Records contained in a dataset
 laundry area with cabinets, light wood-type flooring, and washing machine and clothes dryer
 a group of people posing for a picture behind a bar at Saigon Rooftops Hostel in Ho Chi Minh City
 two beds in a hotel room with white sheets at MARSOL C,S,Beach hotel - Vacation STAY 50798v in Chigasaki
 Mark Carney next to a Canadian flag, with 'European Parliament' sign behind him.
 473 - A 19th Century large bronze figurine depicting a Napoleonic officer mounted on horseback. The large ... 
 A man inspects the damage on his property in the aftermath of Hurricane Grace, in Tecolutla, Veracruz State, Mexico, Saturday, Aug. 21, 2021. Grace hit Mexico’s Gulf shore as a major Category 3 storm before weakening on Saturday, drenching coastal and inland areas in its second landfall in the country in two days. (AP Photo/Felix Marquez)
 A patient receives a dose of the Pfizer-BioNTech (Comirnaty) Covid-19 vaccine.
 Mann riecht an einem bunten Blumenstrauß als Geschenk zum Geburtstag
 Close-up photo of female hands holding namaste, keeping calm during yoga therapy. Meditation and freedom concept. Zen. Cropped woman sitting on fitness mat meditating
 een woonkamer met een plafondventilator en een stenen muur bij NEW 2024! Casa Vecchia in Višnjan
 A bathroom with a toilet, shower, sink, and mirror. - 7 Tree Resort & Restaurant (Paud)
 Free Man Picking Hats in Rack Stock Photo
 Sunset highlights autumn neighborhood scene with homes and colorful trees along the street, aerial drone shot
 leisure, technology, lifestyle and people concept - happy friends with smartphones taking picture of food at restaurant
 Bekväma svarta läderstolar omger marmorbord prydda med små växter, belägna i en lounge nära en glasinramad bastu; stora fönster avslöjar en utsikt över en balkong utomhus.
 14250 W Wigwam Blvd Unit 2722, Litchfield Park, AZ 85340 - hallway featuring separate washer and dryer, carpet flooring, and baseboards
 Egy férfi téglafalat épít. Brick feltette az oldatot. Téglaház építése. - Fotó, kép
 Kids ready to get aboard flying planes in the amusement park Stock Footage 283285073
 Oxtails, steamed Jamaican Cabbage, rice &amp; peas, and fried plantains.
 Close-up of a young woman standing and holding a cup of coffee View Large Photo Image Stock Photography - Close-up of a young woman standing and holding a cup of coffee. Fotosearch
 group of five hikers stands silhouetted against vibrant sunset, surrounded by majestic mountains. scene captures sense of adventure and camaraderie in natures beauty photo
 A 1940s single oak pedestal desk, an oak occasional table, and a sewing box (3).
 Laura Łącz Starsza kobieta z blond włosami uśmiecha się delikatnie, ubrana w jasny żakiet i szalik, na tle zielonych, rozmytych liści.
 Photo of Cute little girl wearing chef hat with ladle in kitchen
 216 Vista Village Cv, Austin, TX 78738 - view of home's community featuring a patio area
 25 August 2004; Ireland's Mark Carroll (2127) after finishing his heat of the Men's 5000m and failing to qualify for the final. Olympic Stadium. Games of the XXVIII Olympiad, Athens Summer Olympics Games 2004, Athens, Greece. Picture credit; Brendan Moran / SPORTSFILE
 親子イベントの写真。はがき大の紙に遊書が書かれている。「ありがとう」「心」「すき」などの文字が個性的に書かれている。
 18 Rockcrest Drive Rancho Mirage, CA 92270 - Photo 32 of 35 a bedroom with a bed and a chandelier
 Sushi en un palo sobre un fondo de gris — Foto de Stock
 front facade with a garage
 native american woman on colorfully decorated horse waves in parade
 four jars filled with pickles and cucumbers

Assignment
Go back to the data above and please quote exactly, and only, the lines from the line with "front facade with a garage" through its last line.

Answer to the problem
 front facade with a garage
 native american woman on colorfully decorated horse waves in parade
 four jars filled with pickles and cucumbers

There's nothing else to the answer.